[RECORDED INFORMATION — start]

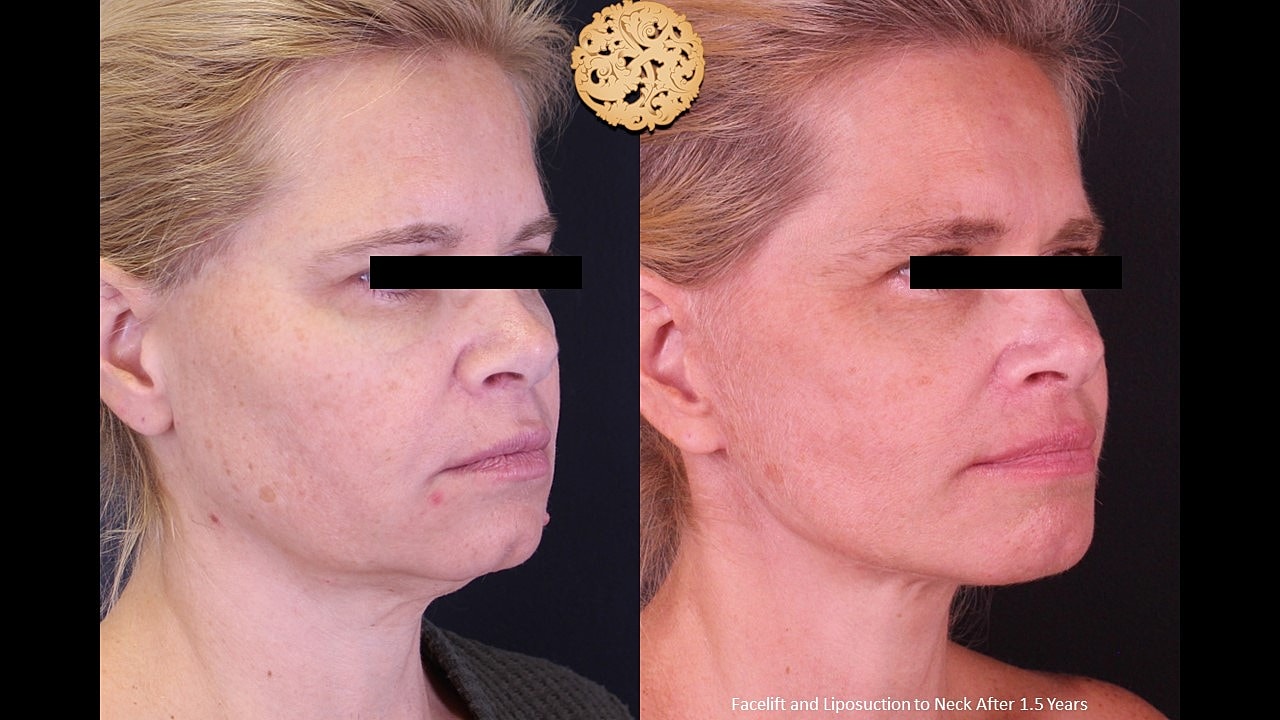 Before and after facelift and liposuction images.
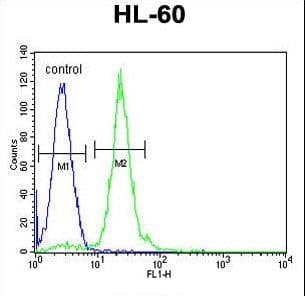 IHC-plus™ Polyclonal Rabbit anti-Human CPT1C Antibody (aa752-782, IHC, WB)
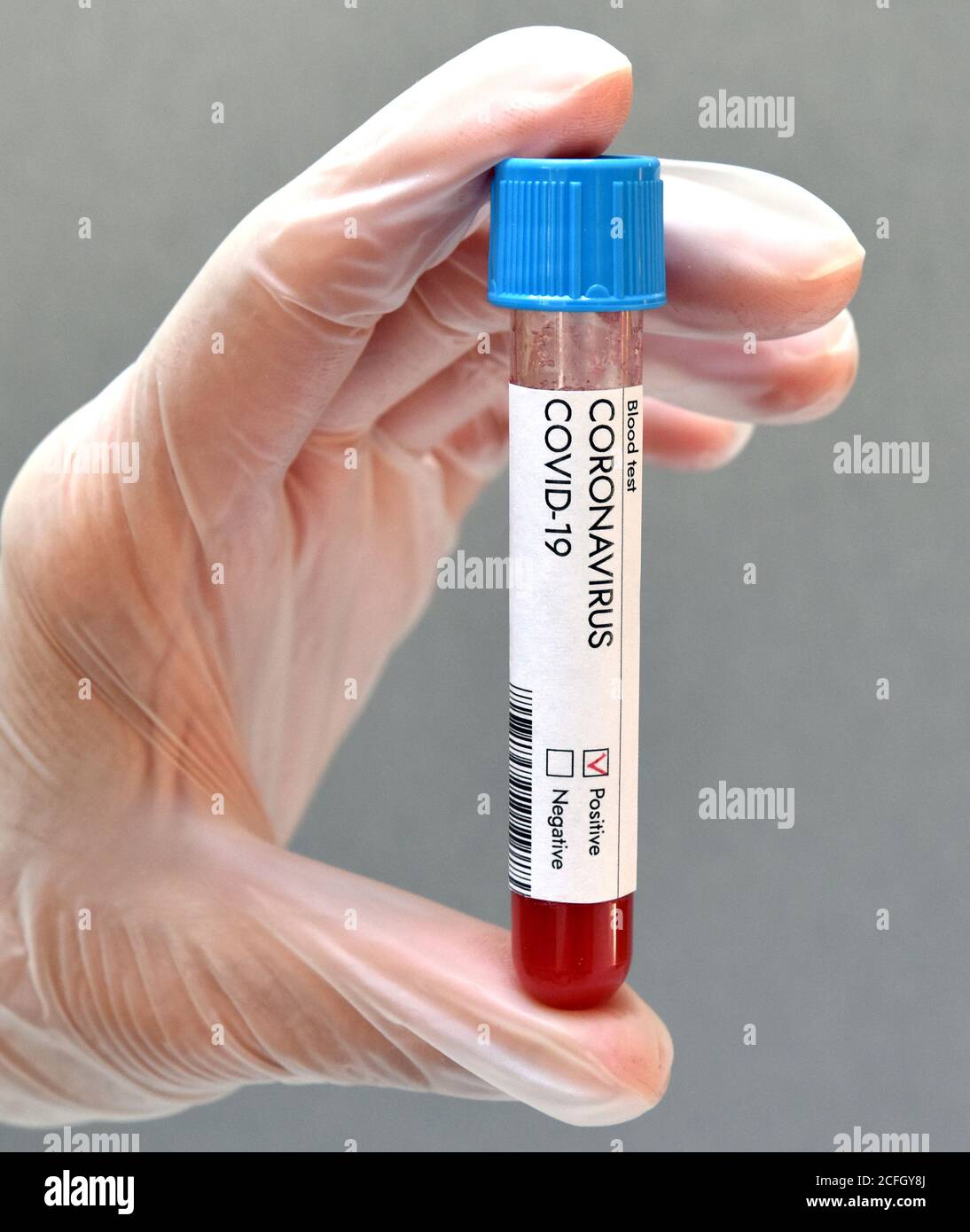 Test du coronavirus résultat positif de l'échantillon de sang sur fond blanc. Vaccin contre le coronavirus. Banque D'Images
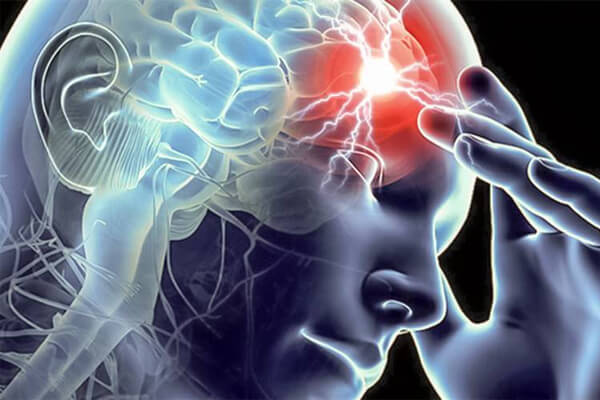 Prevenindo o AVC: 5 Atitudes para evitar o derrame cerebral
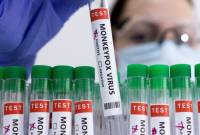 First case of monkeypox virus registered in Georgia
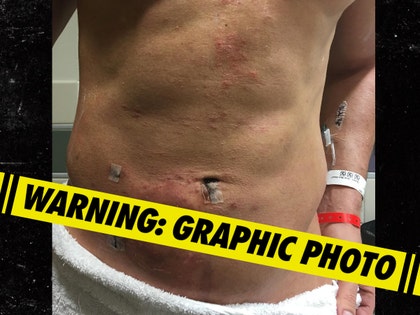 JOE MANGANIELLO hospital pics 2 censor
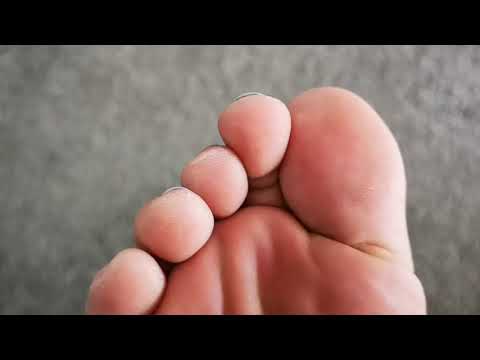 Sweaty Soft Sole Close Up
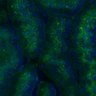 Thumbnail for dataset Fig3B_BlvraKO_Kidney_mouse1_1
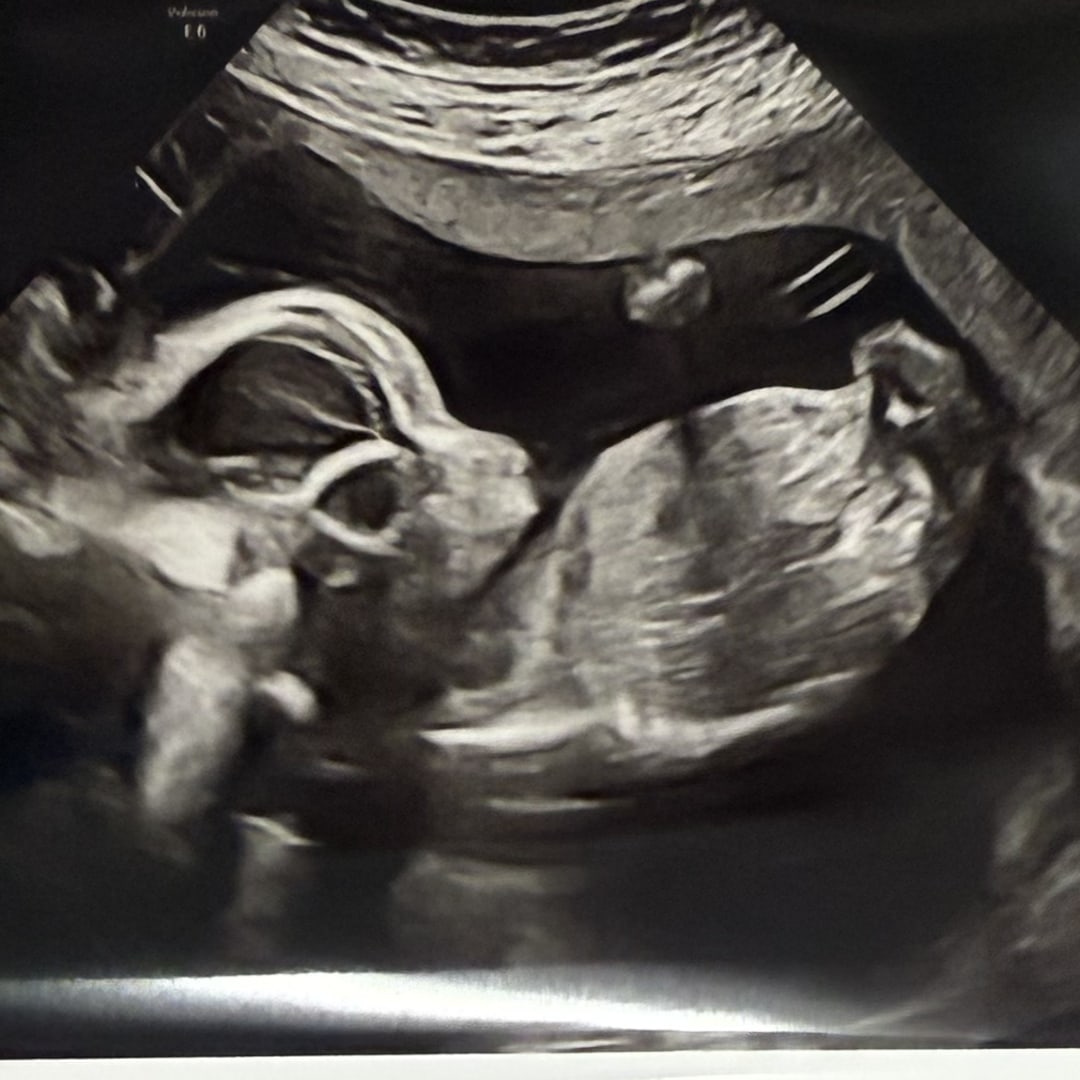 Photo shared by Cathleen for their Babylist baby registry.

[RECORDED INFORMATION — finish]

__WHAT NEEDS TO BE DONE__
Set every record down exactly, omitting pictures.

__RESPONSE AREA__
 Before and after facelift and liposuction images.
 IHC-plus™ Polyclonal Rabbit anti-Human CPT1C Antibody (aa752-782, IHC, WB)
 Test du coronavirus résultat positif de l'échantillon de sang sur fond blanc. Vaccin contre le coronavirus. Banque D'Images
 Prevenindo o AVC: 5 Atitudes para evitar o derrame cerebral
 First case of monkeypox virus registered in Georgia
 JOE MANGANIELLO hospital pics 2 censor
 Sweaty Soft Sole Close Up
 Thumbnail for dataset Fig3B_BlvraKO_Kidney_mouse1_1
 Photo shared by Cathleen for their Babylist baby registry.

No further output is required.